What you have to do
Drop all images. Then write out each line below exactly as given.

Data block
----------
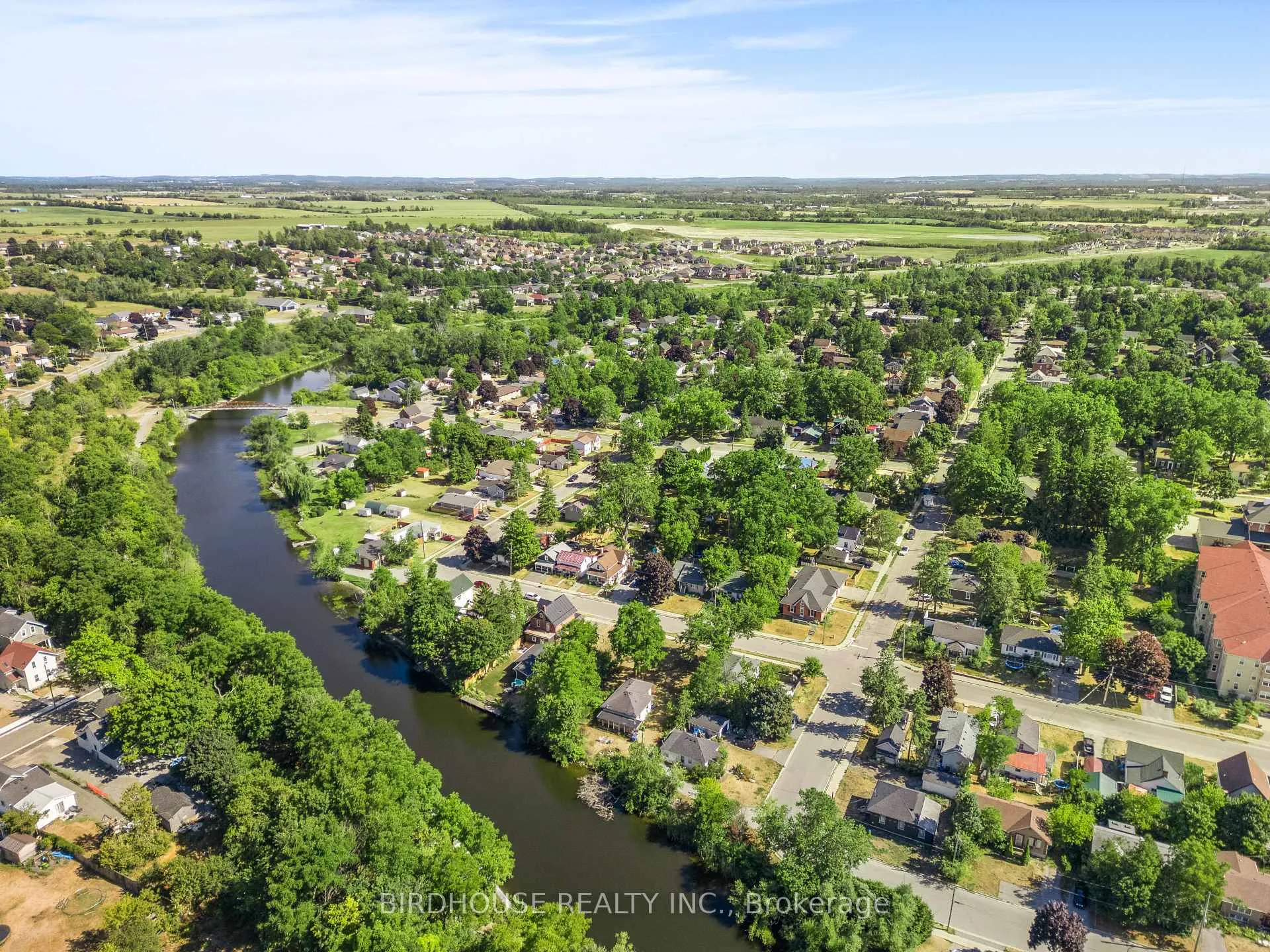 Photo 42 of 70 Ridout Street, Kawartha Lakes, Lindsay — HOMEH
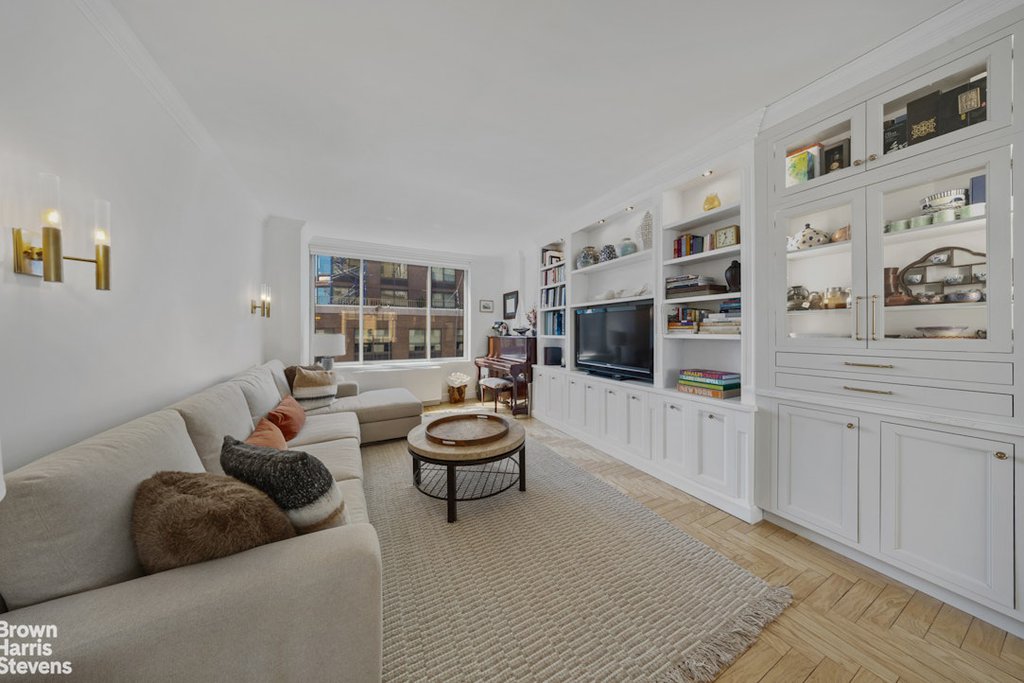 200 Riverside Boulevard, Unit 15I photo 9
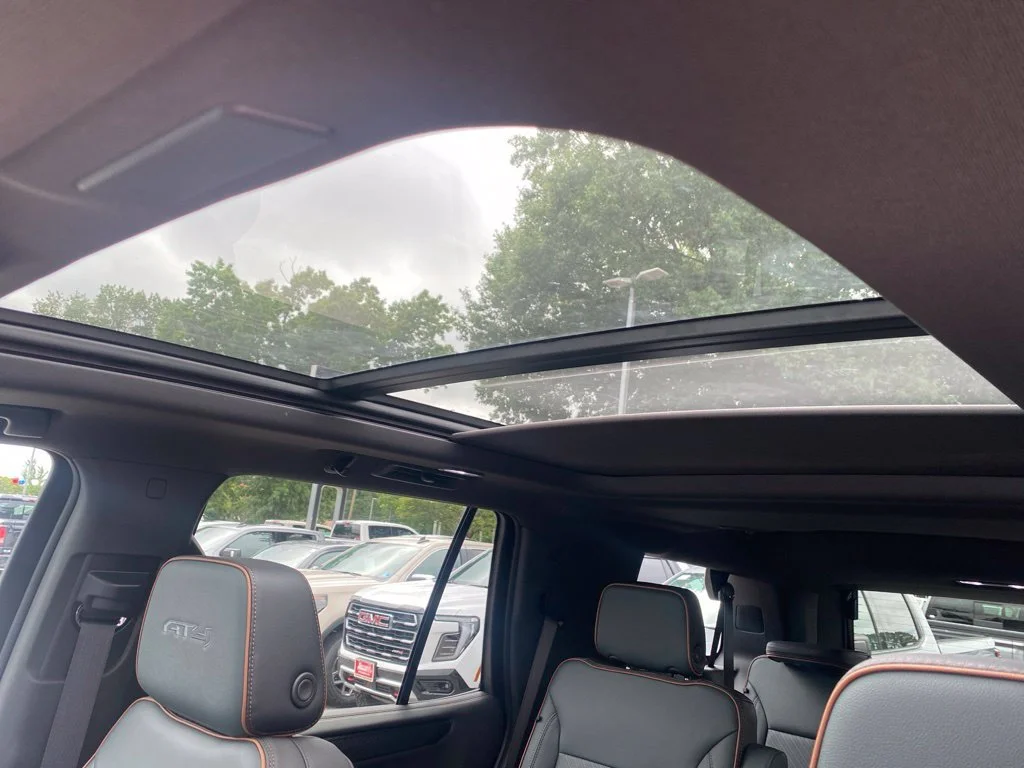2026 GMC Yukon AT4 - Photo 33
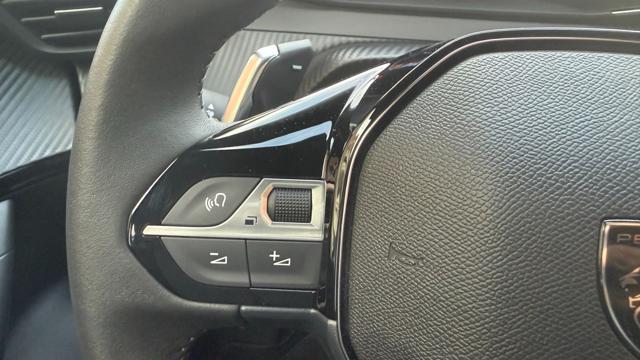 PEUGEOT 2008 usata, con Autoradio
----------
Output below
 Photo 42 of 70 Ridout Street, Kawartha Lakes, Lindsay — HOMEH
 200 Riverside Boulevard, Unit 15I photo 9
2026 GMC Yukon AT4 - Photo 33
 PEUGEOT 2008 usata, con Autoradio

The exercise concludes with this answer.